IP Proxy

The IP Proxy Dataset provides structured intelligence on IP addresses associated with residential proxy infrastructure and anonymization services. It is designed to support fraud detection, traffic classification, and risk assessment workflows by allowing organizations to identify IPs that belong to residential proxy networks often used to mask automated or abusive activity.

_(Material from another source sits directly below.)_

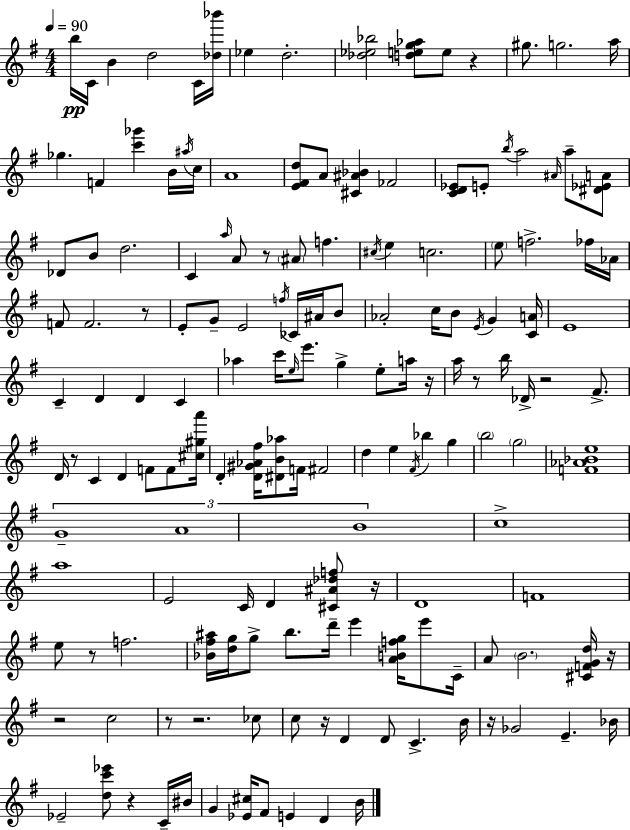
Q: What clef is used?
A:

Unlike real-time API calls, the dataset delivers enriched proxy classification signals in bulk via CSV format, enabling offline processing, internal scoring models, and large-scale traffic analysis. This dataset would be provided on a license basis and updated periodically (typically monthly), similar to other Trustfull datasets.

Dataset Structure

The dataset may contain the following fields:

ip: The IP address in IPv4 or IPv6 format
is_valid_format: Boolean indicating whether the IP is structurally valid
is_proxy: Boolean indicating proxy detection
is_vpn: Boolean indicating VPN detection
is_tor: Boolean indicating Tor node detection
proxy_type: Classification of proxy infrastructure (e.g., residential, datacenter)
updated_at: Timestamp of the last update (YYYY-MM-DD)

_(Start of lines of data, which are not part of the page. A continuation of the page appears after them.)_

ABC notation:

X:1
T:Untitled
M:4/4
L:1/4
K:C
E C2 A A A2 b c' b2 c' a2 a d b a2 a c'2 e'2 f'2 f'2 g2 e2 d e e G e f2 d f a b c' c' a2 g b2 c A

Note: The exact schema may vary depending on licensing scope and customization.

Example Data

ip,is_valid_format,is_proxy,is_vpn,is_tor,is_relay,proxy_type,updated_at
192.168.9.10,true,true,true,false,false,residential,2025-03-01
45.12.87.190,true,true,false,false,false,datacenter,2025-03-01
185.220.101.45,true,true,false,true,false,residential,2025-03-01
8.8.8.8,true,false,false,false,false,,2025-03-01

Suggested SQL Schema

Table: `ip_data`

CREATE TABLE ip_data (
    ip INET PRIMARY KEY,
    is_valid_format BOOLEAN NOT NULL,
    is_proxy BOOLEAN,
    is_vpn BOOLEAN,
    is_tor BOOLEAN,
    is_relay BOOLEAN,
    proxy_type VARCHAR(50),
    updated_at DATE NOT NULL
);

Importing into PostgreSQL

COPY ip_data(ip, is_valid_format, is_proxy, is_vpn, is_tor, is_relay, proxy_type, updated_at)
FROM '/path/to/ip_dataset.csv'
DELIMITER ','
CSV HEADER;

Use Cases

The IP Dataset can support:

IP proxy detection at scale
Traffic segmentation (residential vs datacenter infrastructure)
Fraud rule pre-screening before real-time API calls
Historical backtesting of proxy-related risk
Internal model training and ML feature enrichment

Because residential proxy traffic originates from legitimate ISP ranges, it is harder to detect through simple IP reputation checks. Having offline classification enables more precise infrastructure-level filtering and behavioral correlation.